Emi quickly made us welcome in her small home. It was very traditional, with tatami mats and a space heater, and the floors were really cold (the high was only about 34 in Kyoto, although the snow hadn't yet reached the city). She handed each of us a food glossary, allowed us to help out with various steps, and offered us several kinds of tea, including hojicha and genmaicha. We were enlisted to grate lotus root, cut carrots into decorative shapes, zest a yuzu using a santoku (I skipped all knife-related tasks in favor of keeping all my digits), devein prawns, etc. We ate our handiwork as we went along.

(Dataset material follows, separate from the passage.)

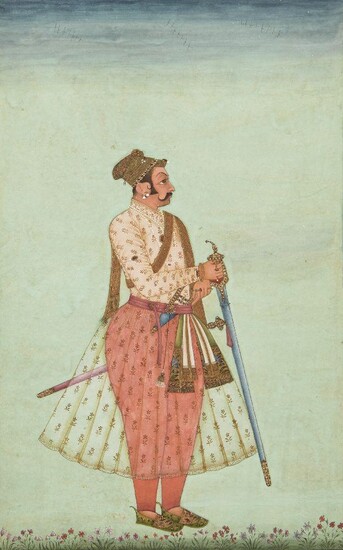 A standing portrait of Maharaja Shri Jaswant Singh Ji by Ka Murad, Bikaner, Rajasthan, North India, late 18th century, opaque pigments heightened with gold on paper, depicted on a green ground, and smelling a flower, his elegant clothes embroidered...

There was a little mix-up on the second dish, which was supposed to be a steamed mixture of lotus root, yuba, and seafood. Emi had partially blanched the fish and prawns prior to steaming them, and the other two students started eating the semi-raw fish and vegetables after the bowls were arranged (luckily, I only had a piece of soybean skin in my bowl, so no harm done). Along the way, Emi had us taste the raw ingredients (minus fish).

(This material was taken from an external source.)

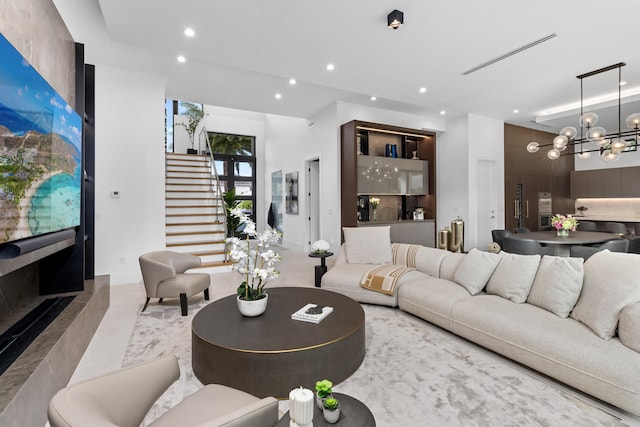 living room with an inviting chandelier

The final dish was shiratama mochi. I've made mochi on base, but this was the first time I'd used powdered rice flour and boiled the mochi. They were topped with anko, homemade red bean paste (I asked Emi for her recipe, since I'm quite partial to anko). The afternoon flew by, and I headed back to Nagoya on the Nozomi with a non-reserved seat (my mistake!), so it was standing room only all the way back to Komaki (next time, it's worth the $10 for a reserved seat!).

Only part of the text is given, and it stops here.